Когда они въехали на паром, к Питеру пришло хорошее настроение: сомнения и страхи — освободят или не освободят, которые тревожили его последние дни и часы, остались наконец позади. Окидывая прощальным взглядом удалявшийся остров Уайт, он снова вспомнил своих товарищей по тюремному блоку. «А вспомнят ли они теперь меня? — подумал он. — Но как они могут вспомнить, не зная даже моего настоящего имени? Для них я был всегда и остаюсь лишь доном Педро… Вот уж кому действительно не угрожает известность, так это разведчикам-нелегалам, — продолжал он размышлять наедине с собой. — Да и как люди могут знать их, когда разведчики сами вынуждены на время забывать свои настоящие имена?» — И он начал воспроизводить в памяти свои псевдонимы, имена и фамилии.
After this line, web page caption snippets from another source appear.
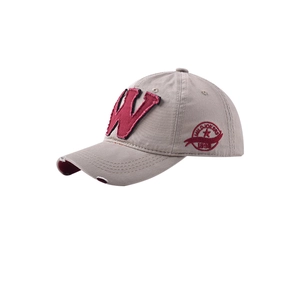 Détail de la casquette vintage grise avec écusson W rouge et bordure usée effet rétro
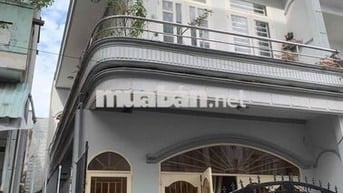 Bán nhà hẻm xe hơi, gần đường chính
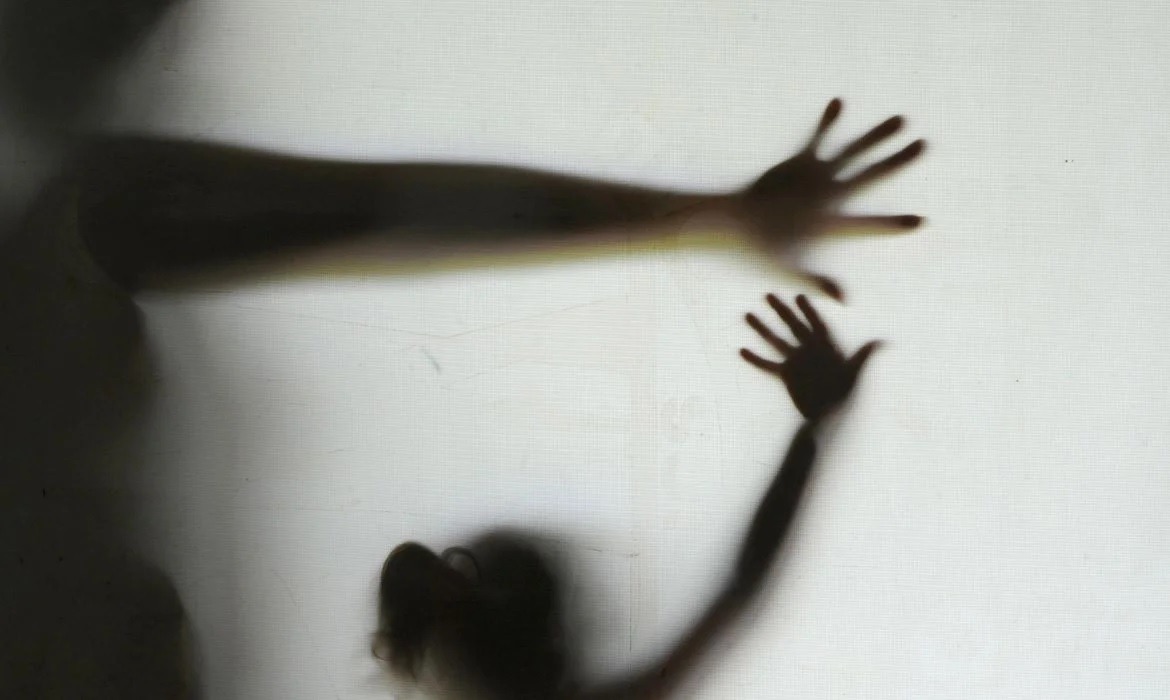 Madrasta mata enteada de 7 anos enforcada com cinto e é presa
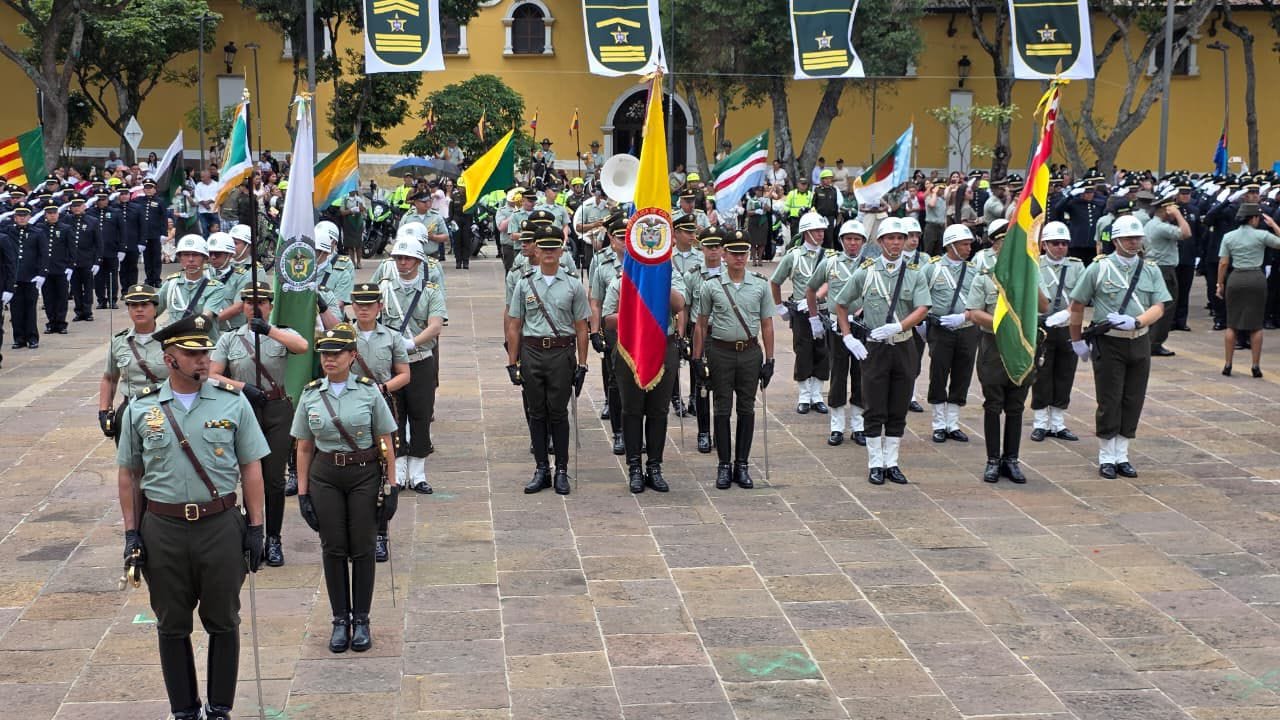 Ascendidos 648 Policías en Bucaramanga y Santander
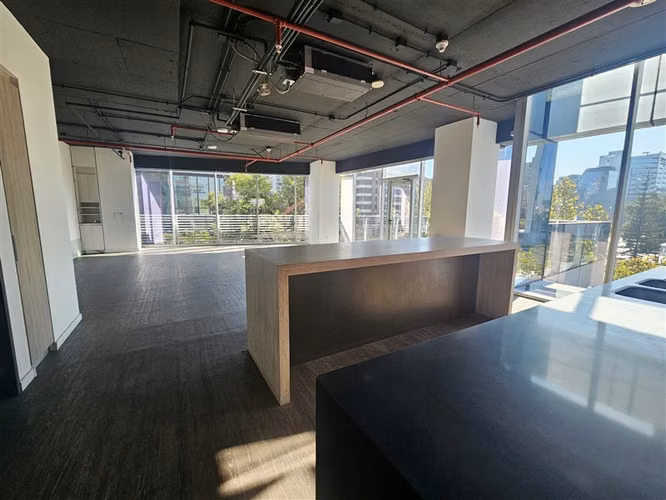 Oficina en arriendo en Las Condes / Tobalaba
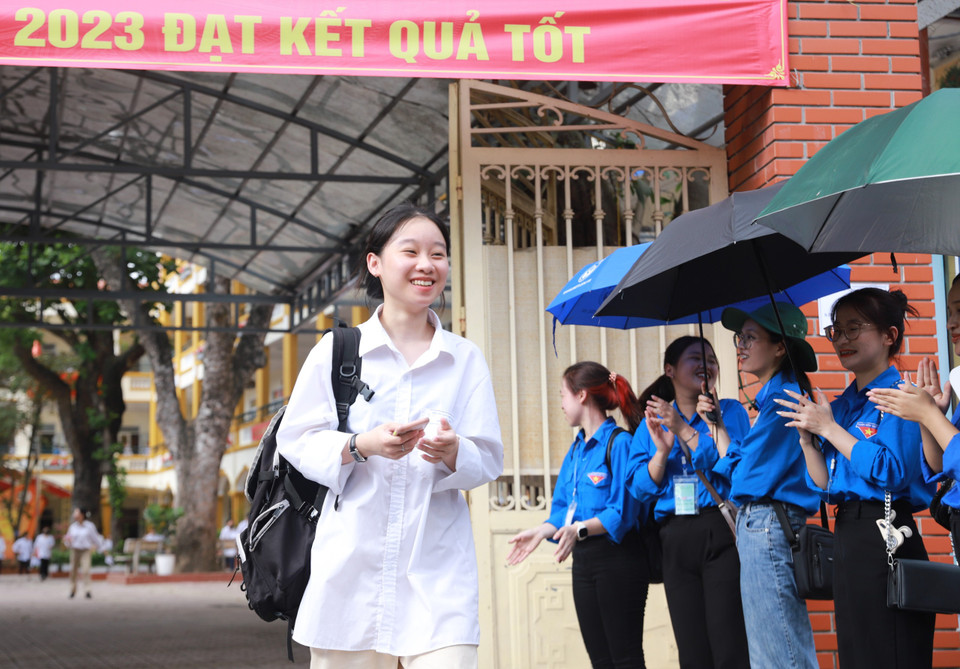 Sau khi kết thúc 90 phút làm bài thi môn Toán, nhiều sỹ tử Thủ đô rời phòng thi với tâm trạng phấn khởi. (Ảnh: PV/Vietnam+)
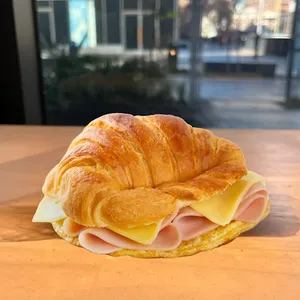 Croissant Tradicional Jamón y Queso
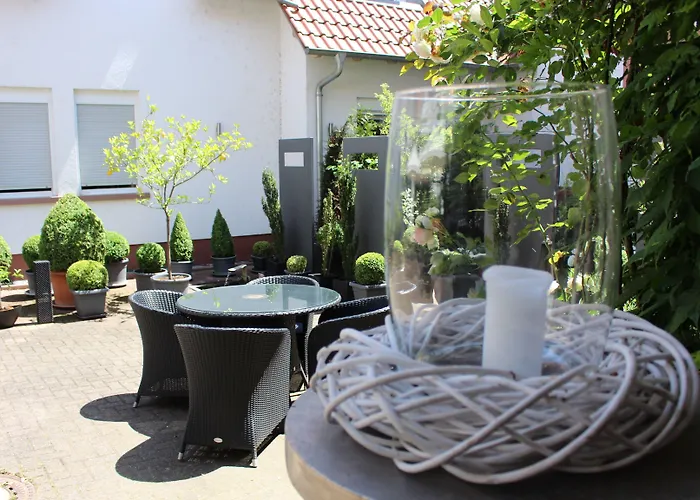 Zum Roessel Hotel 3*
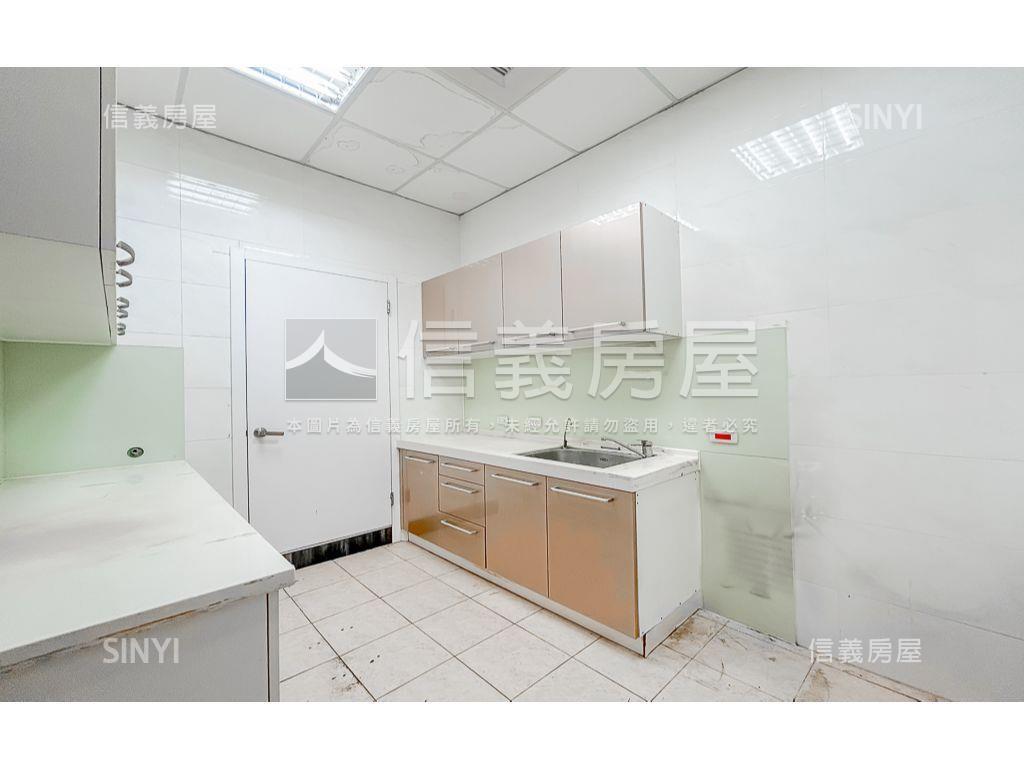 正臺灣大道燙金門牌金店面房屋室內格局與周邊環境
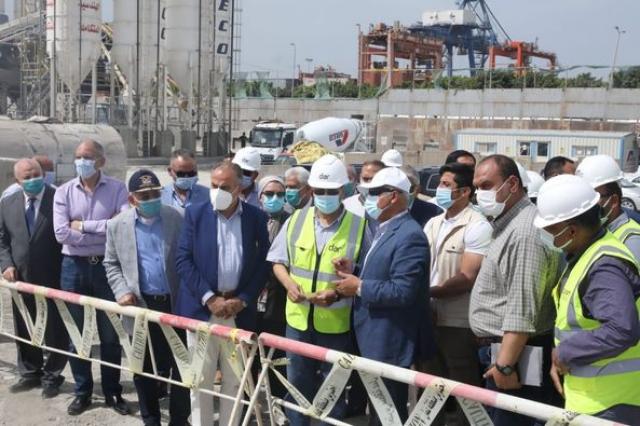 وزير النقل يتابع معدلات تنفيذ المشروعات الخدمية الجاري تنفيذها بميناء الإسكندرية.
Вспомнил, но не все, а лишь некоторые — Луис, Питер Джон Крогер, Волонтер, Бенджамин Бриггс, Санчес Педро Альварес, Джимми Браун, Джеймс Цилсон… Вспоминал еще, но безрезультатно и лишь в самую последнюю очередь вспомнил испанский псевдоним Израэль Олтман и свою настоящую фамилию — Коэн.
Все смешалось в его судьбе — и имена, и пароли, и явки, и даже страны: Америка… Испания… Россия… Польша… Канада… Бельгия… Англия… Франция… Мексика… Германия… Чехословакия… «М-да, жизнь почти уже прожита, — подумал он, — Но, думаю, не зря! Вот только жаль последних девяти лет, проведенных в тюрьмах Великобритании — Брикстоне, Уормвуд Скрабе, Стренджуэйс, Паркхерст…»
Моррису Коэну не хотелось вспоминать это недалекое прошлое с разными формами решеток на окнах и стенами с колючей проволокой, но оно не отпускало его, оно продолжало напоминать ему о себе, особенно в те минуты, когда машина въехала в Лондон. Моррис полагал, что его повезут в советское или польское посольство или консульство, но его везли по знакомому уже пути, который ему не хотелось повторять. Машины остановились перед воротами тюрьмы Ее Величества — Брикстон, с которой начиналась девятилетняя тюремная эпопея Морриса.
— Почему вы привезли меня опять сюда? — возмутился он.
— Так нам приказано, — спокойно ответил ничего не знающий старший конвойный. — Как быть с вами дальше, решит начальство Брикстона. Так что все претензии теперь к нему, а не к нам.
С него сняли наручники и предложили выйти из машины, но он отрицательно покачал головой.
— Вы хотите, чтобы мы отвезли вас обратно на остров Уайт? — улыбнулся старший конвойный.
— Нет, я хочу, чтобы вы доставили меня в польское консульство, где бы мне объяснили, что все это значит.
— Мистер Крогер, — обратился к нему встречавший их старший надзиратель тюрьмы Ее Величества, — сейчас мы проведем вас к нашему шефу, там вы и разберетесь во всем.
Ничего не сказав в ответ, Моррис вышел из машины.
Конвойные с острова Уайт тепло распрощались с ним и отбыли обратно.
Начальник тюрьмы Брикстон, узнав причину возмущения Питера Крогера, пояснил ему:
— Не беспокойтесь, вы будете освобождены, но по неизвестным мне пока причинам эта процедура откладывается на неопределенное время.
— Но почему она откладывается? — Моррис с трудом сдерживал охватившее его волнение.
— Лично мне это, поверьте, неизвестно.[387]
Моррис Коэн еще больше встревожился, когда его имя и фамилию не только занесли в тюремный журнал, но и присвоили ему новый номер — 2179. Беспрестанно задавая себе вопросы: «Что могло случиться? Почему не смог состояться их обмен?», он не находил себе места в камере. Но, сколько бы Моррис ни думал об этом, сколько бы ни напрягал память, стараясь вспомнить все, что сообщалось в английских газетах за последние два месяца, он не мог отметить ничего такого, что могло бы послужить причиной срыва уже объявленного в прессе обмена. Навязчивая мысль, что, возможно, опять придется досиживать в тюрьме оставшиеся одиннадцать лет, не давала Моррису покоя ни днем ни ночью. Потом он вспомнил, что однажды в газете «Дейли миррор» критиковались действия английского правительства по обмену Гордона Лонсдейла на Гревилла Винна: «Акула красных была обменена на нашу кильку!» и предположил, что кто-то из высших правительственных кругов, возможно, прислушался на сей раз к мнению газеты и потому отменил их обмен.